On both occasions Sarah is taken from Abraham forcefully. Those taking her did so to make her a wife or concubine. This brings to mind what must have been going through Sarah’s mind at the time. She knew what her role as concubine or wife of either king would include. She will be expected to have a sexual relation with her new ‘husband.’ This makes me ask several questions:

Did Sarah believe that God was going to intervene to prevent their physical union with her?


Did Sarah simply accept the new situation as acceptable within the cultural context?

One must understand that captive brides were not a new thing. Brides were often captured in raids and it was not unheard of for a young man who wanted to marry a young woman to resort to rape to get her family’s approval. In the cultural setting, these kings did what was considered their right—they took an attractive unmarried woman within their realm. Both the woman and the family head assured them she was unmarried. So either Sarah knew God would prevent her from being defiled or she accepted the probability of a sexual relationship with the king.

As we look at Sarah’s life, we do not see a lot of faith. She is very much a child of her culture. When God promised her husband a child as heir she resorts to the practice of her culture to force the fulfillment. By giving her handmaid Hagar to her husband she was giving him, within the context of their culture, a surrogate womb. Hers did not work, so she gave him another one that belonged to her. Later when God promises that Ishmael would not be the heir but that Sarah herself would physically give birth she laughs in disbelief.

Often we see couples where one has more faith than the other. Abraham was the man of faith and it is him of whom scripture says, “He believed God and it was credited as righteousness.” Even this man had no faith that God would prevent his death when entering a foreign land with his wife. Sarah is commended in other places for her obedience, but never for her faith. Since we see that under normal conditions Sarah shows far less faith than her husband and, in these two times before us, even he falls into the cultural norm, it is safe to assume that during these times with other men Sarah was forced to play the part of a woman of her day. On two occasions she was taken by powerful men away from her husband. In her culture this was acceptable and all she could do was go along.

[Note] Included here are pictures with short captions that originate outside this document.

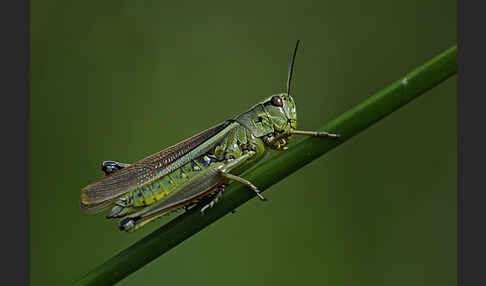 Sumpfschrecke (Stethophyma grossum)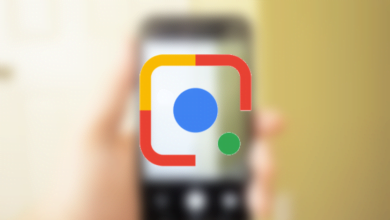 66BAA7BD 42E7 40A1 97EA 16116743BC6E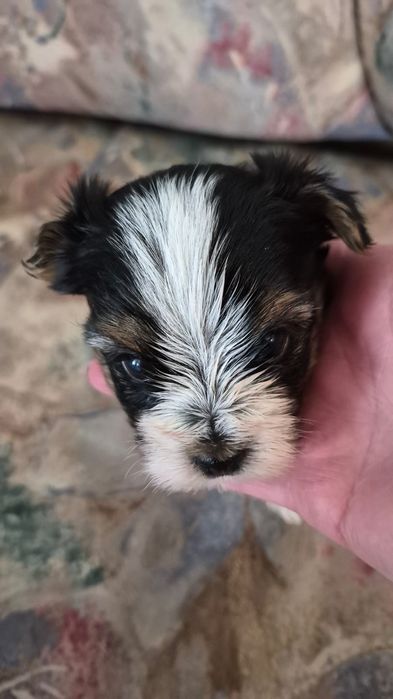 Mini Yorczki zarejestrowana hodowla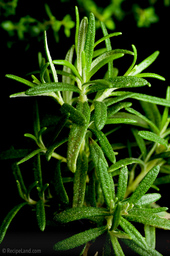 Fresh baby rosemary plant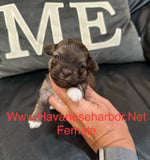 Tinkerbell’s Litter, please click picture above to see all pictures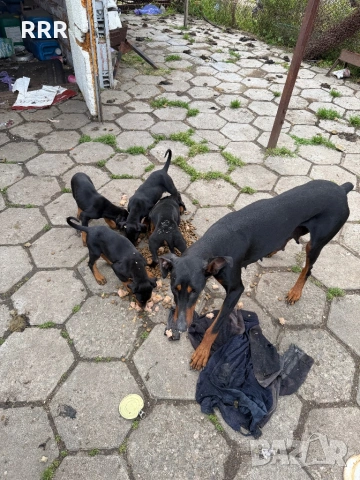 Доберман на 3 месеца ваксина и паспорт doberman, снимка 4 - Доберман - 54140321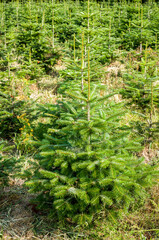 Young spruce trees in the christmas trees farm on a summer day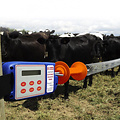 Gallagher Batt-Latch Automatische poortopener timer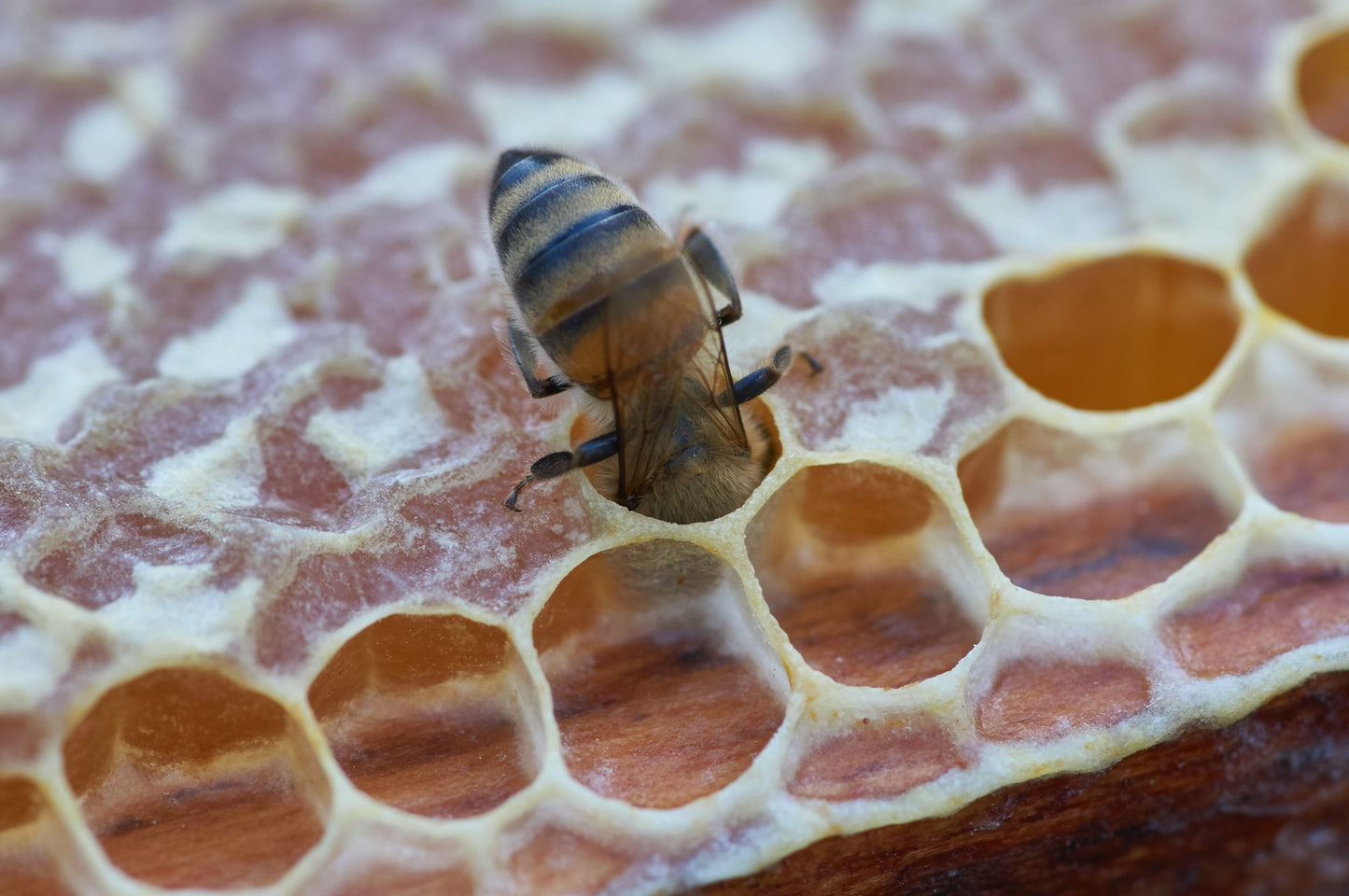 Pure British Honey, 113g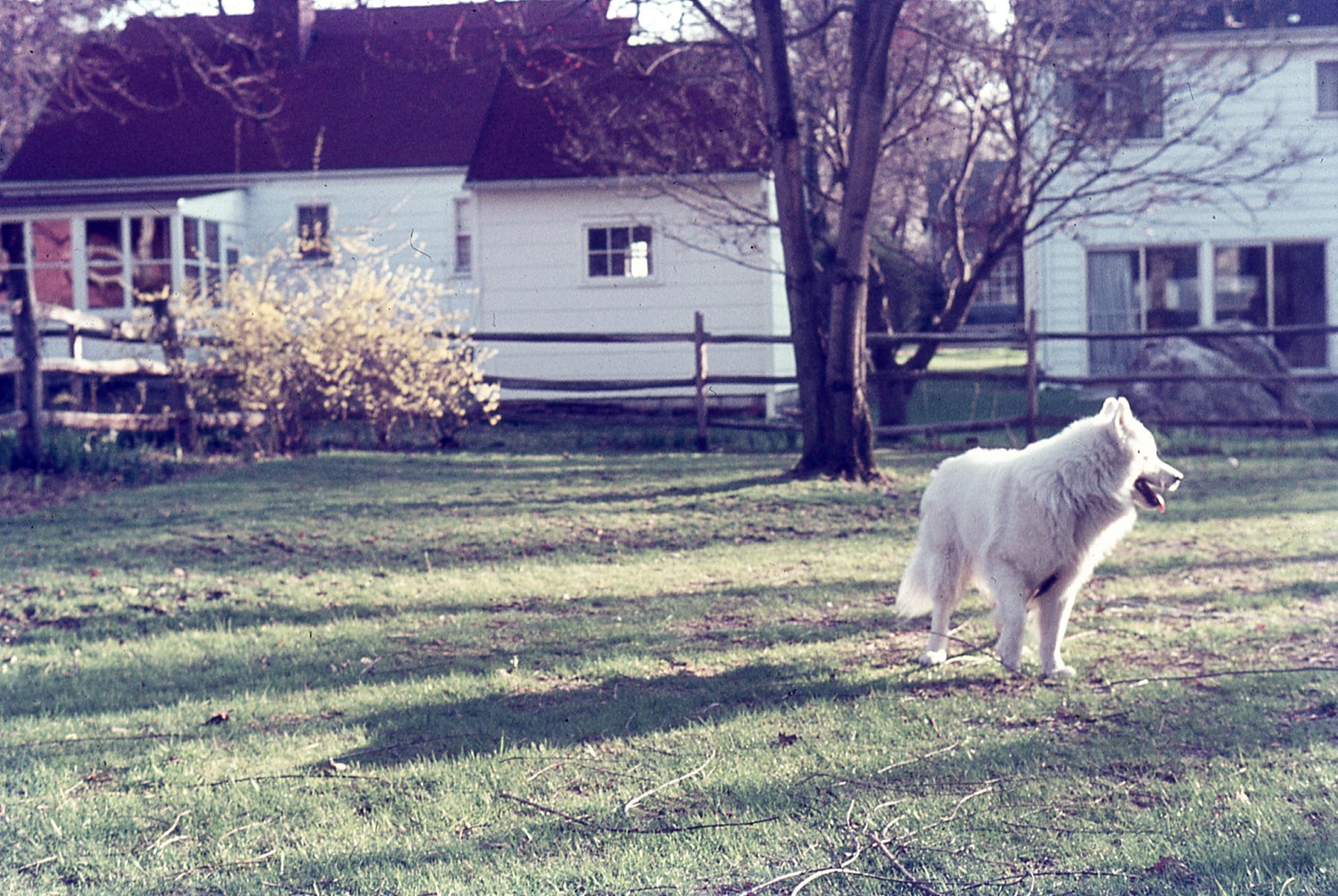 img738.jpg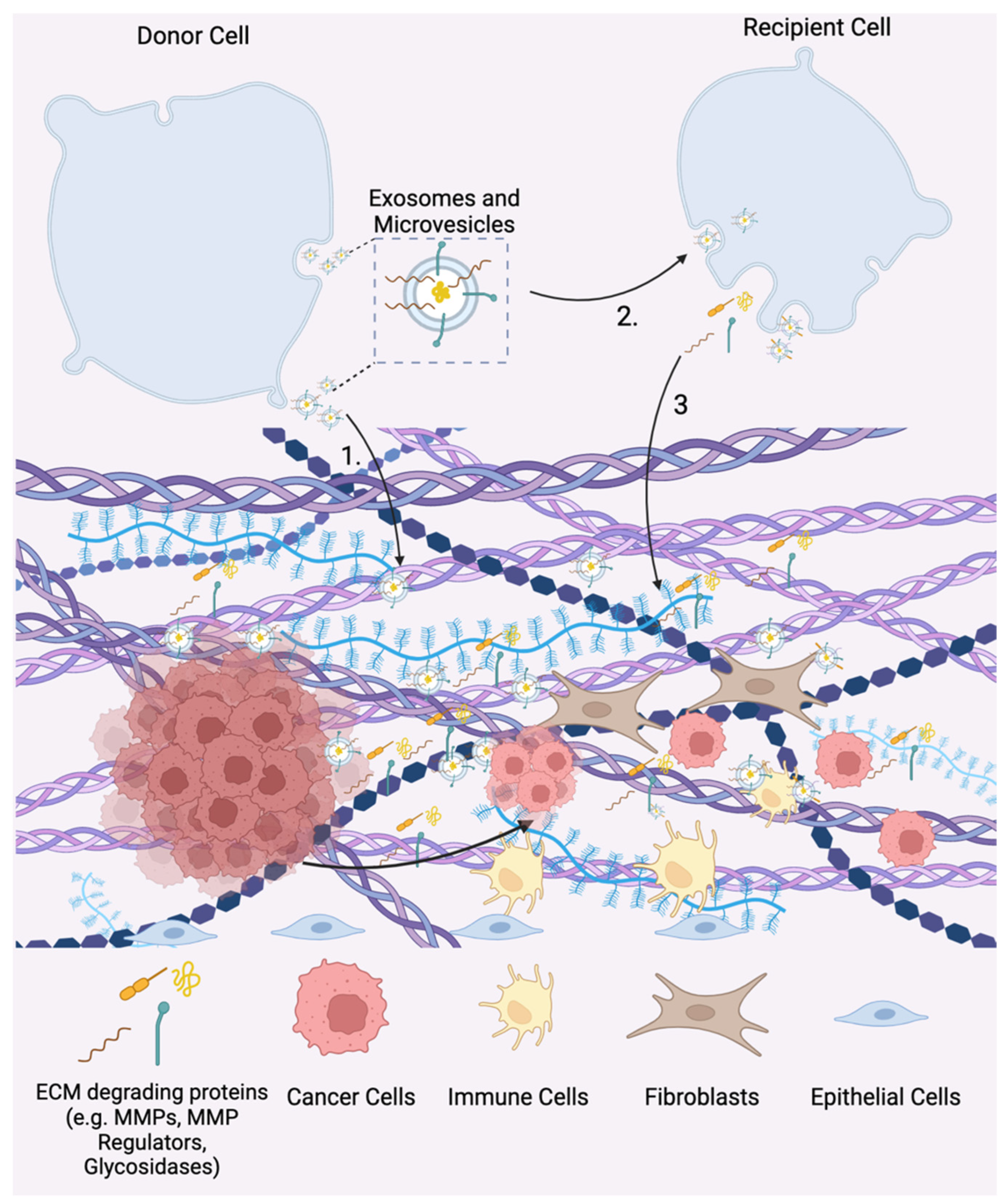 Bioengineering 10 00136 g003 Bioengineering 10 00136 g003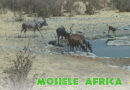 Mosiele Africa #49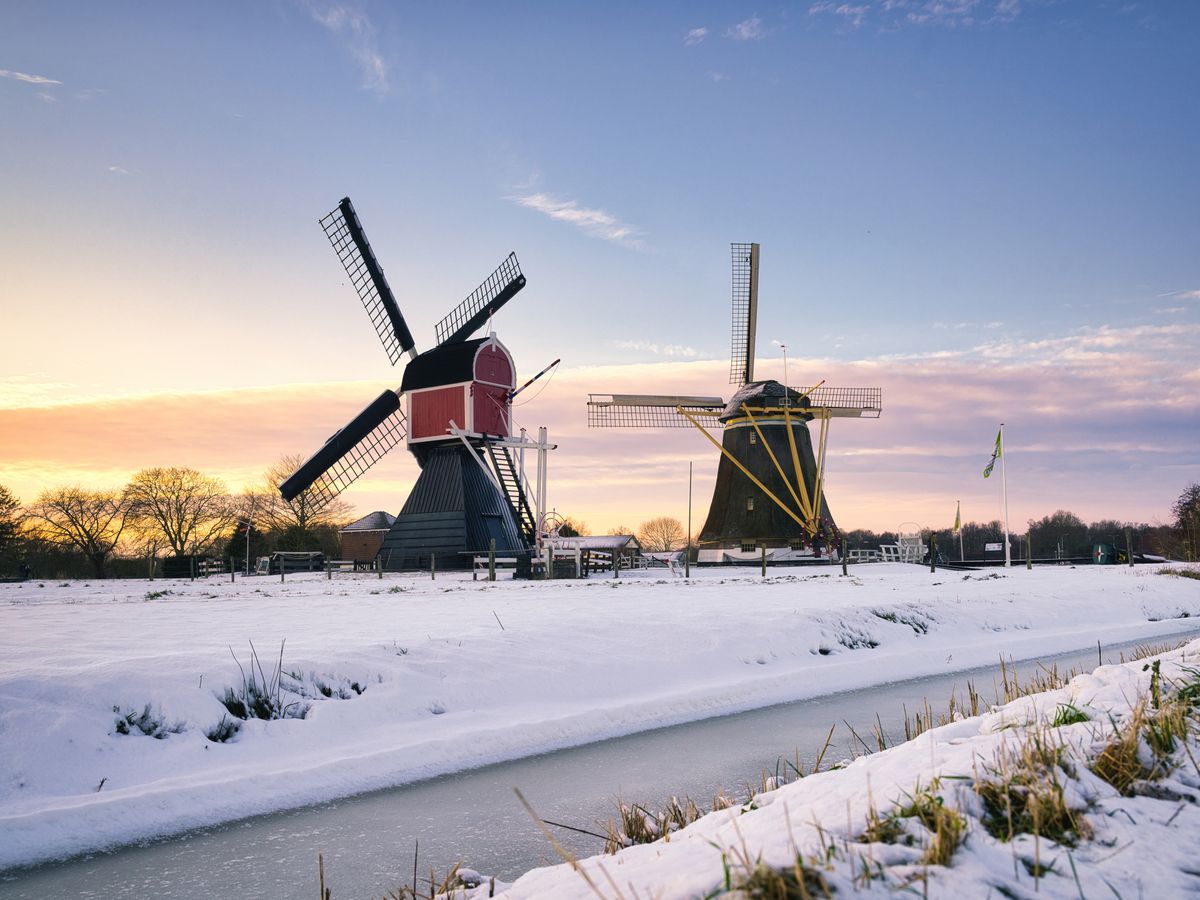 14 Day Ayurvedic Panchakarma Wellness Retreat in the Netherlands 3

This does not say anything bad about Sarah, but tells us about the mindset of a woman of her day. There were few choices for women and even fewer opportunities. Life revolved around their male relatives and her safety was found within her sexuality. God prevented an actual sexual relationship to preserve Sarah’s purity, but it is likely that Sarah, as a daughter of her culture, in the absence of divine intervention was resigned to it.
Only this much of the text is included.